Die Sonne über Seynako

High Fantasy Abenteuer mit besonderer Magie

Dieser mitreißende High Fantasy Roman ist der erste Band einer entstehenden Dilogie.

 

Der sonnige Frieden Seynakos wird von unerklärlichen Tragödien erschüttert. In Zeiten, in denen selbst die gutmütigsten Untertanen sich in blutdurstige Bestien verwandeln und schwarze Magie über den Köpfen Unschuldiger schwebt, ruht die Hoffnung des Landes auf den Schultern einer jungen Frau.
Als Ausgestoßene geboren und als Auserwählte an den Königshof berufen, fürchtet Azur nichts so sehr wie ihre eigene Bestimmung.
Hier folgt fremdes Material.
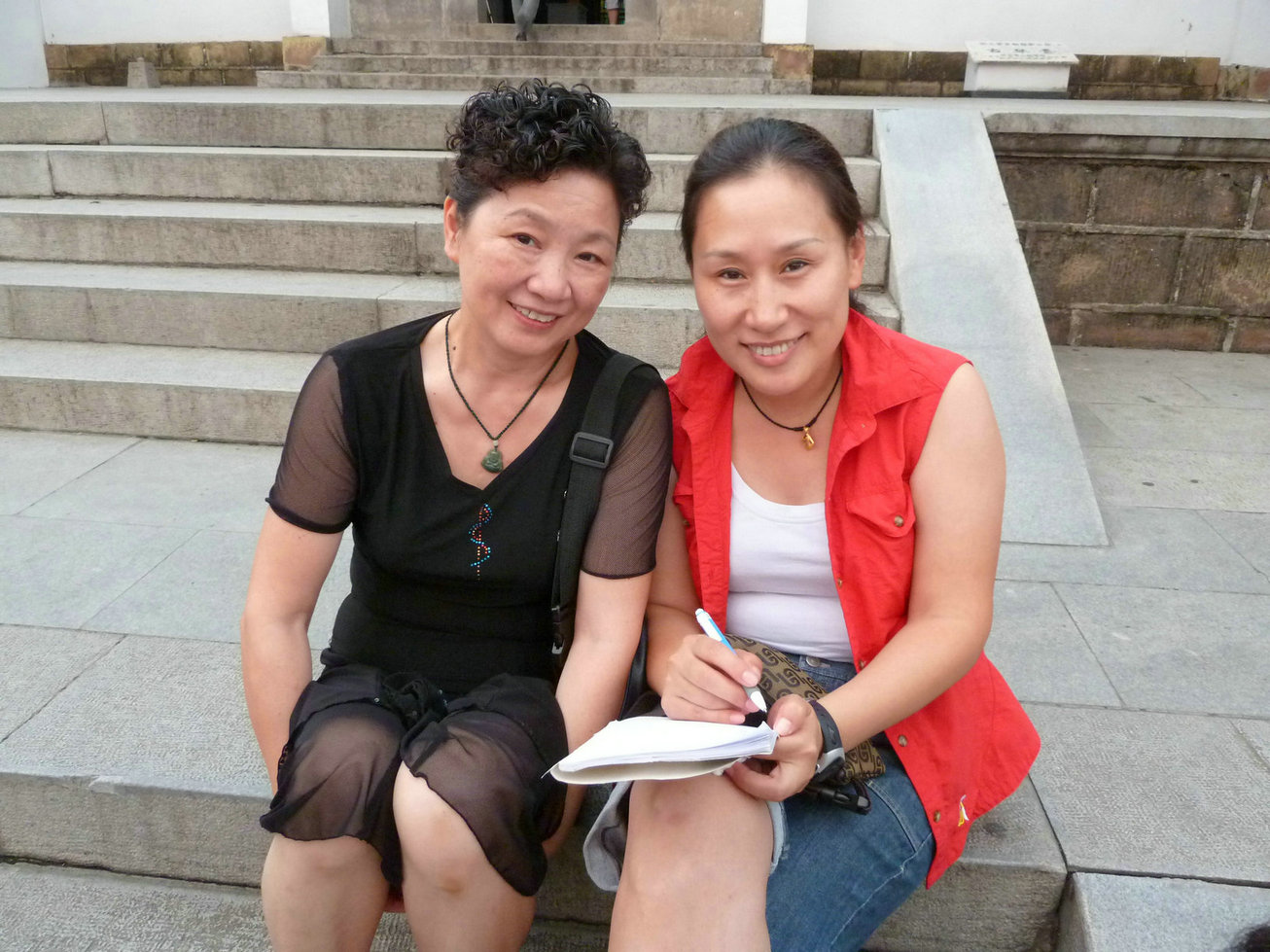 p1040852.jpg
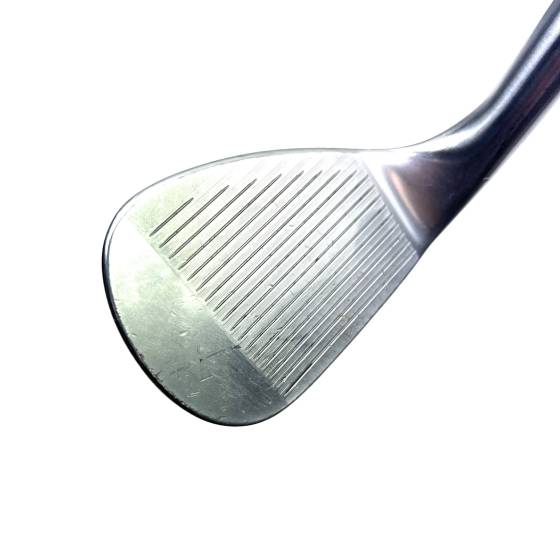 Titleist Vokey SM9 Sand Wedge / 54 Degree / Tensei Red AV Series Regular Flex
Doch als dunkle Mächte alles zerstören wollen, was sie liebt, kann sie nicht länger vor ihrem Schicksal davonlaufen.

 

Von Kindesbeinen an träumt Prinz Alec davon, ein Held zu sein. Doch als die Regentschaft über Seynako endlich an ihn fällt, ist das Land bereits auf dem Weg ins Chaos. Die einzige Hoffnung des verzweifelten Königs ist Azurs magische Gabe, von der niemand so recht weiß, worin sie besteht.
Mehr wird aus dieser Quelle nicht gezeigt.